On Thursday, 14 November 2013 at 21:12:11 UTC, Walter Bright wrote:
On 11/14/2013 11:40 AM, deadalnix wrote:
This is not proposing to configure syntax.

Right, it is about inserting arbitrarily different meaning into existing syntax.

For example, I have a friend from the middle east who worked at Microsoft. His english was excellent. But sometimes he'd get tripped up - for example, he'd take his idea to his boss, who'd discuss it, and then say:

    "fine"

He took that to mean "my boss approves of my great idea!" Unfortunately, "fine" has undergone a meaning reversal colloquially, and actually means "your idea sux". This wound up getting him into trouble. There were a few other phrases like this with unintentionally hilarious misunderstandings.

(Also, a popular way of encrypting communications is to have private meanings for phrases like "my cat ate my homework" meaning "initiate Operation X".)

Now, let's take the AST macros, and pass it "4+3". Apparently is a feature that the macro can transform this to produce "hello" as the result. The result is that although the language looks the same, there is no "anchor" a person can rely on to indicate the meaning. The meaning of "fine" is reversed, so to speak.

The riposte is, of course, every feature can be abused and good programmers won't do that. Unfortunately, it's IN THE VERY NATURE of macros to be abusive, and even the very best programmers can and will take it to the limit. They will see and decry the abuse in everyone else's code but their own, which they will justify. As I said, I see this over and over again.

On the other hand, with string mixins, it is immediately obvious that one is dealing with different syntax, and so expect something different to happen.

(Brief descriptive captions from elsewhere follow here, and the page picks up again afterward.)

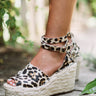The Beck Espadrille Wedge In Leopard Image - 1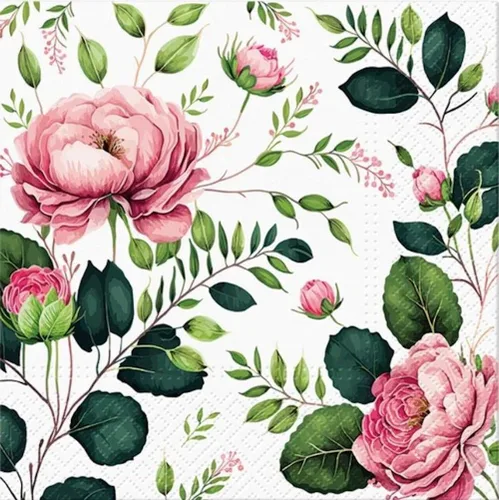 Vista 14 de English Roses Bird - Servilletas de papel bonitas, 20 servilletas florales de 13 pulgadas, servilletas suaves de 3 capas para fiesta de jardín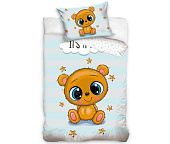 Bavlněné povlečení do postýlky Medvídek Ríša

You have a point with the example, but just as with templates ( the distinctive binary ! operator), making macros not to look first class language elements when called does great job with readability. #-s or ×-s are just good for this, even if it look very foreign.

#loop ( ) {
  -- code --
}

Maybe for macros that return macros it would be ugly:
#(#macro1(params1))(params2);

But just as in C where the -> operator automatically dereferences pointers, it could be solved.